Saturday, October 15, 2011

Day 2

         I don't want to be a 2nd, 3rd, or 4th choice. I want to be number 1 no matter what. Is that to much to ask for these day's? Is it really that hard to be faithful to 1 person? They say in every relationship there is always 1 person that loves the significant other more. What if I'm that 1. I've always had a fear of being lonely for the rest of my life because I feel like everyone is gonna die on me.
    I'm young I really shouldn't think about that stuff, but I do and I can't help it. I don't wanna get close to anyone because I feel like I'm gonna loose them. something always goes wrong when it comes to something I love. My dad passed away when I was thirteen, he was forty four years old. I'm gonna have to grow up without a dad for the REST of my life.
    Yeah sure me and him did argue "A LOT" but that doesn't mean I didn't love him. He would play games with me, sing me songs,bring me home puppies,(That was my favorite),Dance with me, tell me everything was gonna be okay when something went wrong. He wanted me to ride horses and motor cycles. I don't know why my dad was always a little strange. unfortunately he had a drinking problem. 
    He would wake up drinking and go to sleep "drunk" still drinking. He wasn't a bad person though. A lot of people blamed my dad for a lot of stuff that happened even if he didn't have anything to do with it, and he was such a good person he took the blame anyway. As we both got older it got worse, he was turning into someone I didn't know, or wanna know for that matter. We would fight and argue all the time just about nothing. He would come home drunk late at night and come in my room and just start talking about off the wall stuff I've never even heard of. He would call me a little bitch and tell me to shut the fuck up when I would tell him to leave me alone.
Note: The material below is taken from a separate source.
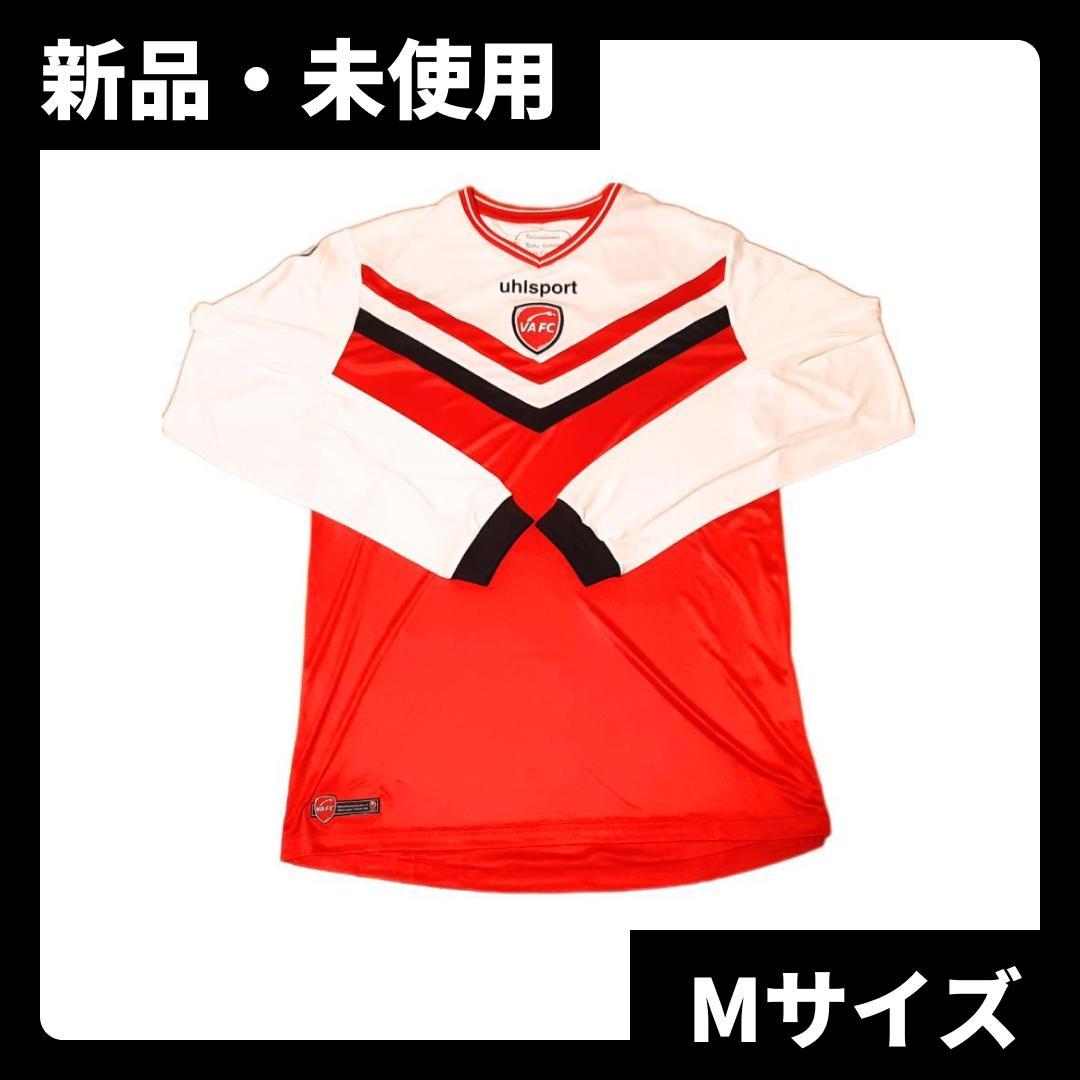 新品 UHLSPORT ヴァランシエンヌ 2014/15 ユニフォーム 長袖 M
    I knew he was sick....A year before he passed away he was in my bathroom and he got really sick. I mean really really sick,it was from all the alcohol. He was vomiting blood and it looked like chunks of his liver was in it. I think I might have been 11. I was watching my dad die right in front of my face and I couldn't do anything about it.
    I remember praying to god to keep my daddy alive. I wanted him to be there when I had kid's and got married and started my own family, I begged him to stop drinking in a letter I wrote him and I slid it under his door. I don't even know if he read it or not but it wasn't there when I went back to check.He was fine for a little while after that well at least I thought so. He slowed down on the drinking for a little while maybe for a week or to but soon enough he was right back to it. 
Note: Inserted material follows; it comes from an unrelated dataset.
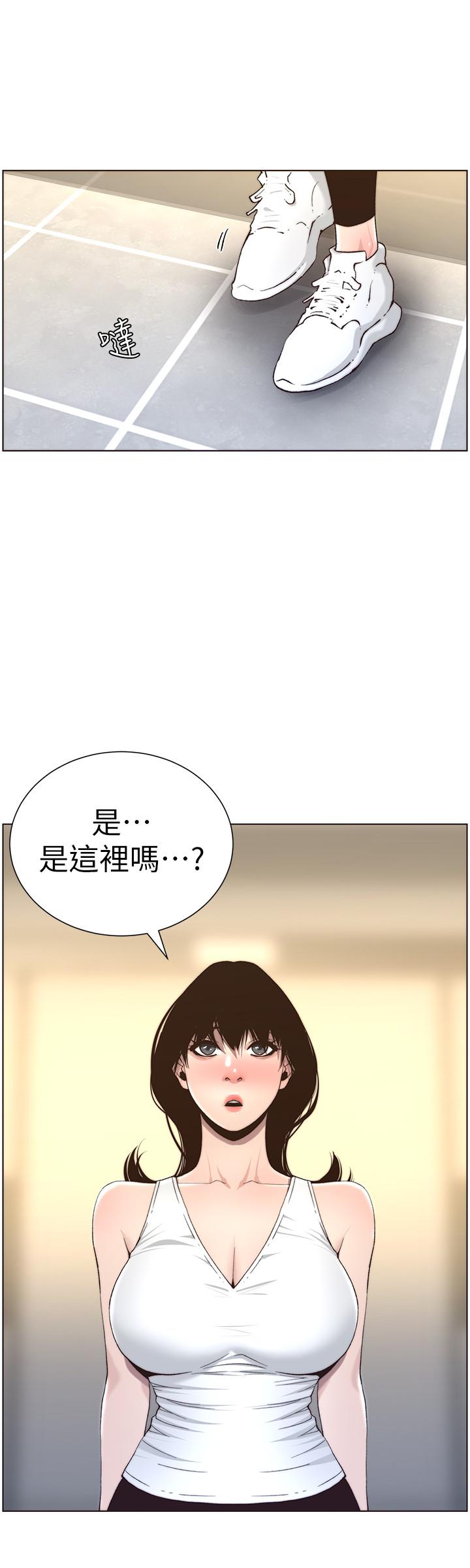 姊妹与继父 第56話-漸漸難以忍受的慾望 第20页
    He came home 1 night really late like at 2 in the morning and I was on the computer, it was the weekend. He kept telling me to get off and go to bed, but I wouldn't listen. I just ignored him before I knew it my head was getting slammed through the wall. I forgave him I knew my daddy would never do something like that to me. A couple months went by, and before i knew it school was starting back. it was my 7th grade year.
    I was having a lot of throat problems so my grandma took me to the doctor and, they said I needed to get my tonsils removed. Well we went the next day so I could get surgery,it was pretty scary. The doctors were putting me too sleep with laughing gas. I don't know why the hell they call it that because nothing was funny to me I was terrified. They had me strapped down to a table.
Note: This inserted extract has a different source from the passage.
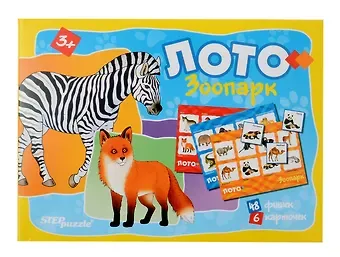 Настольная игра лото 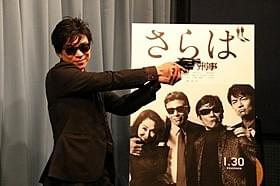 筋金入りのコアファン・セクシー川田「さらば あぶない刑事」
    I asked them why they had to do that they said it's so I wouldn't try to get up. They told me it would take less than 7 seconds to fall asleep. Them seven seconds felt like a life time. I felt like I was dying. My breathing got really heavy and I tried to get up (I guess they weren't lying about that) I just wanted to get up and run.
    When I woke up, my throat hurt really bad I couldn't swallow and, I couldn't see my nurse when she was right in front of me everything was blurry. the last thing I remember was asking where I was and then I woke up and I was back in my room. It was just a scary feeling. My daddy was there with me and I was crying because my throat hurt so bad, and he looked at me and said "I Know how you feel baby, you feel like me" I didn't know he was still in so much pain. A couple day's whet by and my throat was getting better day by day,but my daddy was getting worse. He laid on the floor in the living room that whole week. 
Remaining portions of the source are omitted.